Найти еду было еще труднее. О русских не заботились. Валюты у нас не было, а что стоили бумажные червонцы? Здесь на границе они нелегально продавались по 2 американских цента за рубль. В довоенное время рубль стоил 50 японских центов.
Но за двенадцать лет мы прошли хорошую школу. Как опытный охотник чует, где водится дичь или рыба, так и мы сразу отыскали на главной улице кондитерскую, где нам подали кофе и булочки. Булочки были очень маленькие, мы попросили еще. Но оказалось, что с каждой чашкой кофе полагалась только одна булочка.
— Так дайте нам шесть чашек кофе.
Обед мы получили по карточкам. Пытались есть, но все трое сейчас же заболели, и те двое с половиной суток, пока мы ждали парохода, мы охотились за едой. В одном месте нашли яйца, по рублю за штуку, в другом копченые селедки, которые трудно было есть без хлеба.
Опять шел дождь. Мое новое непромокаемое пальто, в котором я чувствовала себя такой элегантной, полиняло. Краски потускнели, растеклись зеленовато–лиловыми, оранжевыми разводами.

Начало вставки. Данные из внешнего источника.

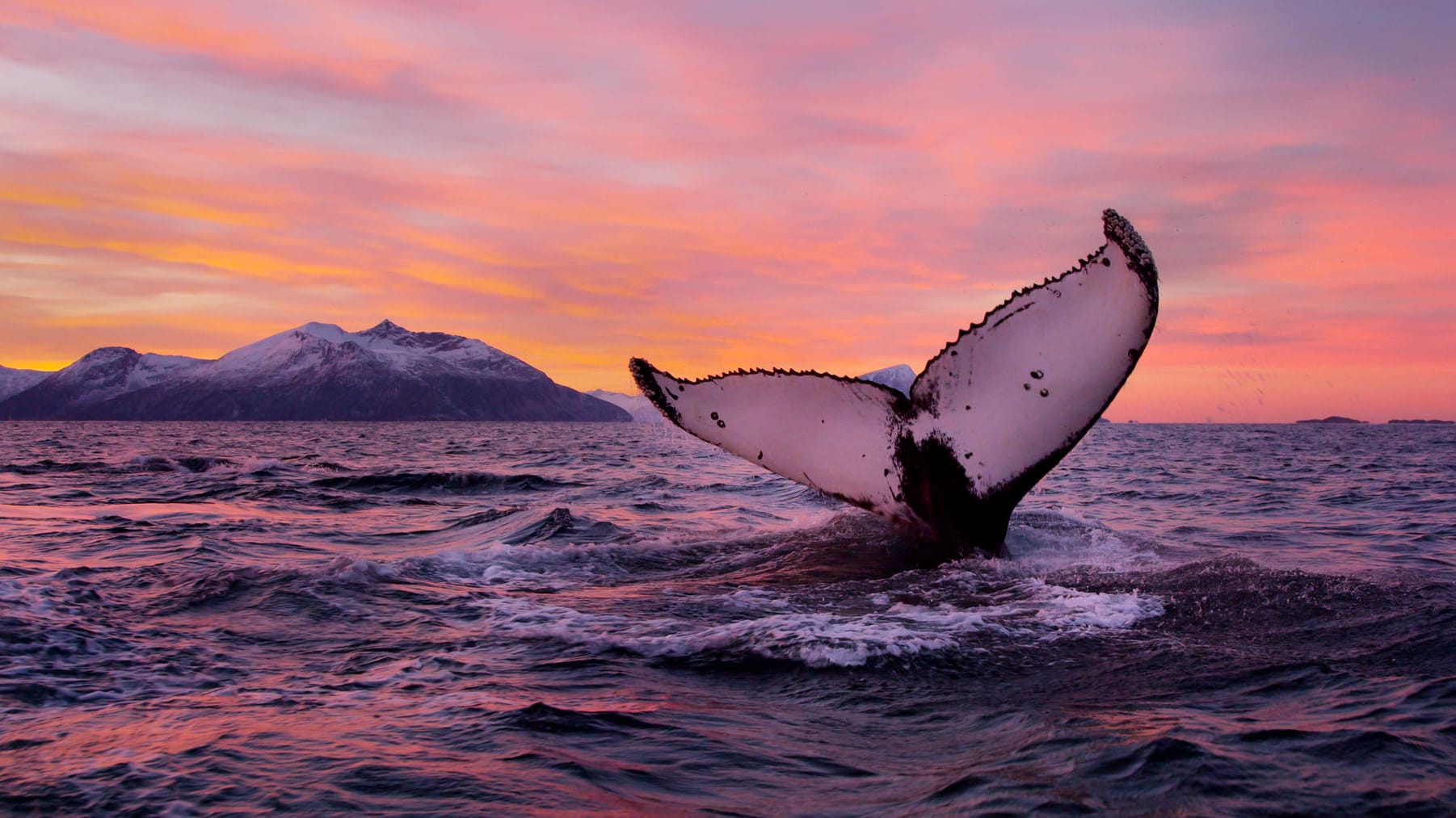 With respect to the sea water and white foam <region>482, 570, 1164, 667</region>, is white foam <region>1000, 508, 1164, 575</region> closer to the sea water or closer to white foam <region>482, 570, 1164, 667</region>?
the sea water

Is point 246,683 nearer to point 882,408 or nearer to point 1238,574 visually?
point 882,408

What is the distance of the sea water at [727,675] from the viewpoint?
10.2ft

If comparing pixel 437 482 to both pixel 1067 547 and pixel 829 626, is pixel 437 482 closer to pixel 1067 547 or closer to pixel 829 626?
pixel 1067 547

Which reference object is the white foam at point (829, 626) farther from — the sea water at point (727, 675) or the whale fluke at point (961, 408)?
the whale fluke at point (961, 408)

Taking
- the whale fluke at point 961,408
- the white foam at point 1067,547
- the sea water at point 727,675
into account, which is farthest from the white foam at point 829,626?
the white foam at point 1067,547

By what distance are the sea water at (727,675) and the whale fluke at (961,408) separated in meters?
0.65

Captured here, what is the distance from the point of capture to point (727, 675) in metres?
4.57

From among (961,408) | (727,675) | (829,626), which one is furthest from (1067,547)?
(727,675)

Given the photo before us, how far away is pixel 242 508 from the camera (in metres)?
12.9

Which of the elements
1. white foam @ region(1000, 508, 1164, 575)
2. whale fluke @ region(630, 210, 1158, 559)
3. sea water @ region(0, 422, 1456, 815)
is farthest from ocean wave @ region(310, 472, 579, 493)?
whale fluke @ region(630, 210, 1158, 559)

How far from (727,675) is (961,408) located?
213 centimetres

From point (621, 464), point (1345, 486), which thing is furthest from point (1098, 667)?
point (621, 464)

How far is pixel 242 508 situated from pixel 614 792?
11.4 meters

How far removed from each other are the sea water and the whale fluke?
25.7 inches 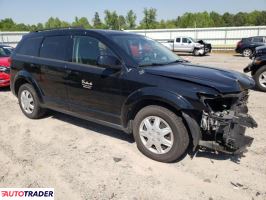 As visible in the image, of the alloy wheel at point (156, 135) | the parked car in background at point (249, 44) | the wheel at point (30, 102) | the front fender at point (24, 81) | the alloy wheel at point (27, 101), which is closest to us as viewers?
the alloy wheel at point (156, 135)

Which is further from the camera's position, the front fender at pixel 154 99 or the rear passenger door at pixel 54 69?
the rear passenger door at pixel 54 69

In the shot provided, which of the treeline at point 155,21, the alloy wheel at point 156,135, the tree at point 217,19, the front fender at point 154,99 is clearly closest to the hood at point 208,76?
the front fender at point 154,99

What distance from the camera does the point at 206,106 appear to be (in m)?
3.71

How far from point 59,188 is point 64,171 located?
1.38 ft

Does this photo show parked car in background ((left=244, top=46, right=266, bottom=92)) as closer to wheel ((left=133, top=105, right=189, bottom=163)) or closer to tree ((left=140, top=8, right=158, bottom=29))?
wheel ((left=133, top=105, right=189, bottom=163))

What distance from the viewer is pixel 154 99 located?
4.04 meters

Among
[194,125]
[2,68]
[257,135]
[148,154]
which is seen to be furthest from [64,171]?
[2,68]

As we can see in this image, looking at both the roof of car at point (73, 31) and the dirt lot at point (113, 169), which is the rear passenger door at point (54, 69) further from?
the dirt lot at point (113, 169)

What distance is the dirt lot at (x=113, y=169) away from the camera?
352cm

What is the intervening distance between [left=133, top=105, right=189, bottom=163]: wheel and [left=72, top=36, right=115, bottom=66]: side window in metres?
1.14

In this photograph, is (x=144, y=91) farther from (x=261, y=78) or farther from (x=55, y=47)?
(x=261, y=78)

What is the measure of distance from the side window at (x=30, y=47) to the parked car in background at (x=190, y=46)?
2149 cm

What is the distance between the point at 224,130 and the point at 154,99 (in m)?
0.99

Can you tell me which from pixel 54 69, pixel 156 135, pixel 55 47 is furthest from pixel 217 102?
pixel 55 47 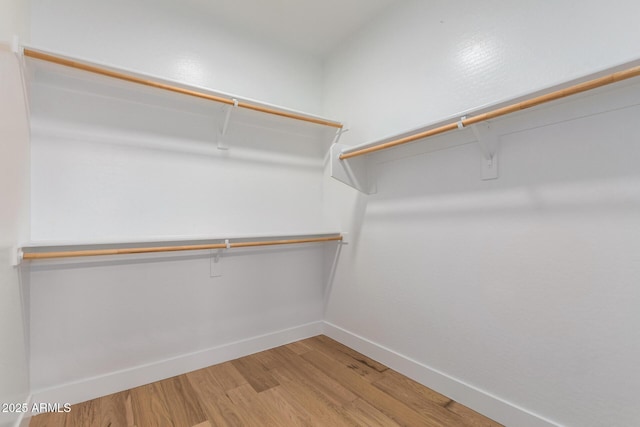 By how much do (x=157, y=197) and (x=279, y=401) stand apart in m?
1.30

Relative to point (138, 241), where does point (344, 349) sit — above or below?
below

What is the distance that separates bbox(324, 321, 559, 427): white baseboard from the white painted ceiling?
7.10ft

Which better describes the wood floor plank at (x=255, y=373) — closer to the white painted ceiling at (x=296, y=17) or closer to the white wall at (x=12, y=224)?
the white wall at (x=12, y=224)

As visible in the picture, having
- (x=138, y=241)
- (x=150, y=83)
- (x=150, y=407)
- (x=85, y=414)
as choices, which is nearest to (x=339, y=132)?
(x=150, y=83)

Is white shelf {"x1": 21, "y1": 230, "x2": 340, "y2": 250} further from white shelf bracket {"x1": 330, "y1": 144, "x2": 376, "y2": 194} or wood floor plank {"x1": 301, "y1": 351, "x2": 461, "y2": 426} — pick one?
wood floor plank {"x1": 301, "y1": 351, "x2": 461, "y2": 426}

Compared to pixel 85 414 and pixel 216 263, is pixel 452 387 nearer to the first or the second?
pixel 216 263

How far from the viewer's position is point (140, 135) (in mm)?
1698

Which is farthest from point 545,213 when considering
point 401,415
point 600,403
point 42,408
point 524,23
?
point 42,408

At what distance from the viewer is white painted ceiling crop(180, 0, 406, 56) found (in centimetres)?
186

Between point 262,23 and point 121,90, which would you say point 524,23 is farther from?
point 121,90

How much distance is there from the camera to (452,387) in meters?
1.51

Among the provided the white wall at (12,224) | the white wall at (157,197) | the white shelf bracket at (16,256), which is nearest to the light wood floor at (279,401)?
the white wall at (157,197)

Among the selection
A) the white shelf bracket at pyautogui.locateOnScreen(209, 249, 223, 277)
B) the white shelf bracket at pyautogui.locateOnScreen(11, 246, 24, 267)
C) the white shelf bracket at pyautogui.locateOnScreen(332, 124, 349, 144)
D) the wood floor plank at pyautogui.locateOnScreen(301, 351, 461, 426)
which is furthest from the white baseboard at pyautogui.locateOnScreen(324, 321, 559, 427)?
the white shelf bracket at pyautogui.locateOnScreen(11, 246, 24, 267)

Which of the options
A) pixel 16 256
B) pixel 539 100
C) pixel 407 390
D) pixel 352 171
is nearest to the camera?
pixel 539 100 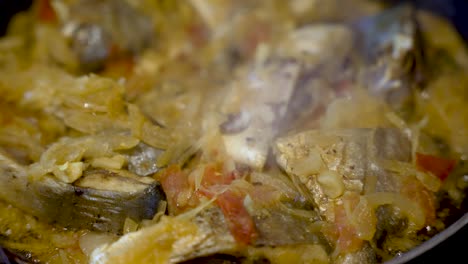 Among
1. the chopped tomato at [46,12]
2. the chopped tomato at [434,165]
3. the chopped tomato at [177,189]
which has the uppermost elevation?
the chopped tomato at [46,12]

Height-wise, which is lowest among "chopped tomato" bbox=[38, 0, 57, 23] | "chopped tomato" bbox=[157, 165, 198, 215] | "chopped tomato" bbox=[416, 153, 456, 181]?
"chopped tomato" bbox=[416, 153, 456, 181]

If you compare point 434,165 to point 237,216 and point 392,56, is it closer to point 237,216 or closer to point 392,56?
point 392,56

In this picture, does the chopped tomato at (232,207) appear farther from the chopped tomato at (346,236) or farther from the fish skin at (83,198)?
the chopped tomato at (346,236)

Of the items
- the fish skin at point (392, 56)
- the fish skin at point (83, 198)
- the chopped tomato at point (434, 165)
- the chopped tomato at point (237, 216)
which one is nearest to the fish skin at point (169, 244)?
the chopped tomato at point (237, 216)

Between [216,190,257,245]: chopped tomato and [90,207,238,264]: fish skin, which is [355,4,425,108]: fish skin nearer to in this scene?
[216,190,257,245]: chopped tomato

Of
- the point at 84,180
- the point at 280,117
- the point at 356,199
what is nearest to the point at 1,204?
the point at 84,180

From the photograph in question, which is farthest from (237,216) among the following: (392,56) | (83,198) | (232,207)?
(392,56)

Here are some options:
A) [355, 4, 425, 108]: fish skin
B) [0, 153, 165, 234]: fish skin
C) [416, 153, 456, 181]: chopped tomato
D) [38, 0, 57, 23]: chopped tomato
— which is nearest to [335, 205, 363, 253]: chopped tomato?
[416, 153, 456, 181]: chopped tomato

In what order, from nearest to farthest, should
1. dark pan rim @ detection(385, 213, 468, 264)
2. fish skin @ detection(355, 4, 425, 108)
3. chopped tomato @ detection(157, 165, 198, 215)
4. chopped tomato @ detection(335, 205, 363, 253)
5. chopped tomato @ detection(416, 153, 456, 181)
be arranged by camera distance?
dark pan rim @ detection(385, 213, 468, 264)
chopped tomato @ detection(335, 205, 363, 253)
chopped tomato @ detection(157, 165, 198, 215)
chopped tomato @ detection(416, 153, 456, 181)
fish skin @ detection(355, 4, 425, 108)

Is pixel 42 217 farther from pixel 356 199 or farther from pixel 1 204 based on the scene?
pixel 356 199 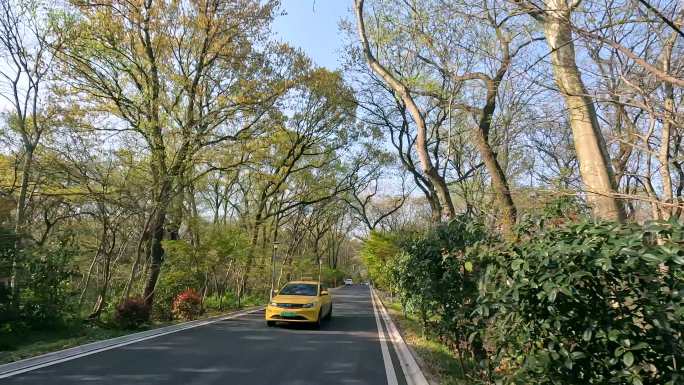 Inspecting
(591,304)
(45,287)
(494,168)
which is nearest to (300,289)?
(45,287)

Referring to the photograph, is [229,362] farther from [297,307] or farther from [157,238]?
[157,238]

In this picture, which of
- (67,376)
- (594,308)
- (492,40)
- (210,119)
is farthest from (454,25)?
(210,119)

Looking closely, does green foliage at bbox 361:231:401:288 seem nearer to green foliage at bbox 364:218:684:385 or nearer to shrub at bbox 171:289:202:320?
shrub at bbox 171:289:202:320

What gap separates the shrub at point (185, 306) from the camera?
15.5 m

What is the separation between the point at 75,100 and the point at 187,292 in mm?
7566

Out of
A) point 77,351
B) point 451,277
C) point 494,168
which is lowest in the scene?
point 77,351

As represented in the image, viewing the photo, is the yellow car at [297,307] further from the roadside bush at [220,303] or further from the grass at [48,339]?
the roadside bush at [220,303]

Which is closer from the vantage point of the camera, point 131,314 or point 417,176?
point 131,314

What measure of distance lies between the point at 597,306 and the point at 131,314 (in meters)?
11.8

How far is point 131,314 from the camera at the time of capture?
12023 mm

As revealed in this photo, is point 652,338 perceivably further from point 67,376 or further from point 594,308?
point 67,376

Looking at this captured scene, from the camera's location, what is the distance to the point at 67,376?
6426 millimetres

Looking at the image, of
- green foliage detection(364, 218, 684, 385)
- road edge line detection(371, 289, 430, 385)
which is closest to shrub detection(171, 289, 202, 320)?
road edge line detection(371, 289, 430, 385)

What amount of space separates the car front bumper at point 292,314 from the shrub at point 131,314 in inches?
142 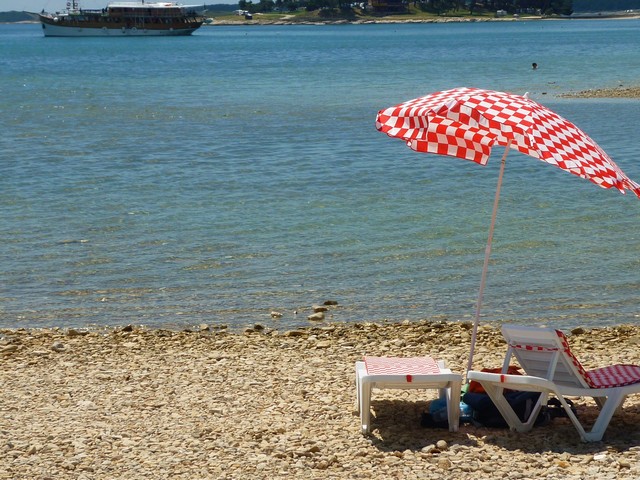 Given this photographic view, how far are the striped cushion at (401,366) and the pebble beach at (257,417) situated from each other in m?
0.42

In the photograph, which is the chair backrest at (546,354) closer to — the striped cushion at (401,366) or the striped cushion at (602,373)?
the striped cushion at (602,373)

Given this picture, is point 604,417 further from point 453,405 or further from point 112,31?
point 112,31

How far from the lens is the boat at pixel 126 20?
454ft

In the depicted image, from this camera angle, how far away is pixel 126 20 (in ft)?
454

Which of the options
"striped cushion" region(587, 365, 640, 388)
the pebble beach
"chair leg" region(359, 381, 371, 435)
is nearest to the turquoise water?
the pebble beach

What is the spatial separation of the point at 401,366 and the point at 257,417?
119cm

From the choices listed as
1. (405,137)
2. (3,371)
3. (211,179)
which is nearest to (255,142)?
(211,179)

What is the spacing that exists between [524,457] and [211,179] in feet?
51.0

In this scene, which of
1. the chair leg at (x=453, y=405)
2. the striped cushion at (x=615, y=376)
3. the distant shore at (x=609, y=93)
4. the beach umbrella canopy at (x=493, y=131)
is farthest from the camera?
the distant shore at (x=609, y=93)

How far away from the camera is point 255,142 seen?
2773cm

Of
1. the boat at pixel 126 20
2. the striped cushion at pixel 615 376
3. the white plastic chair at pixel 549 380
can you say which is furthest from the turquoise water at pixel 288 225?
the boat at pixel 126 20

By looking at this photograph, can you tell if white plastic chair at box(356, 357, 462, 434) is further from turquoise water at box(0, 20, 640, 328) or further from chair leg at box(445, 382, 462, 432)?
turquoise water at box(0, 20, 640, 328)

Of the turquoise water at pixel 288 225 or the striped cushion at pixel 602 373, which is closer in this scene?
the striped cushion at pixel 602 373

— Ужасная пища в гостинице, — говорил нам при встрече англичанин, — я совсем болен.
— А ведь вы получаете самое лучшее, — хотела я ему сказать, но сдержалась. Он был чужой, и вся эта огромная страна, которую он только что проехал с запада на восток, — казалась ему последней грязной нищей. А разве я могла объяснить ему и разве он поверил бы мне, что когда–то она была другой?
Наши вещи почти не смотрели. Советский агент был очень занят. Он искал на дароходе русских беглецов.
Маленькие, черненькие, очень ловкие матросы помогли перенести вещи. Пробежал повар в белом колпаке, резко оттенявшем его серо–бронзовое лицо. Он скалил зубы и ужасно был похож на провожавшую нас японочку.
— Неужели уедем?
Я не верила, что мы уедем, до последней минуты. Мне все казалось, что кто–нибудь задержит, арестует.
Нас провели в третий класс. Возвышение, покрытое циновками. Ни коек, ни столов, ни стульев, ничего — гладкий, чистый пол. В углу на полу, поджав под себя ноги, сидел японец. Мы хотели войти, но матрос знаками показал нам, что надо разуться. Мы разулись. Сложили вещи, где была уже навалена груда хороших кожаных чемоданов, и, подумав, тоже сели на пол. Все это было так необыкновенно, так заинтересовало нас, что мы и не заметили, как тронулся пароход. Я спохватилась, когда пристань была уже далеко.
Не было ни сожаления, ни сомнения в душе, когда я взглянула последний раз на то, что было моей родиной.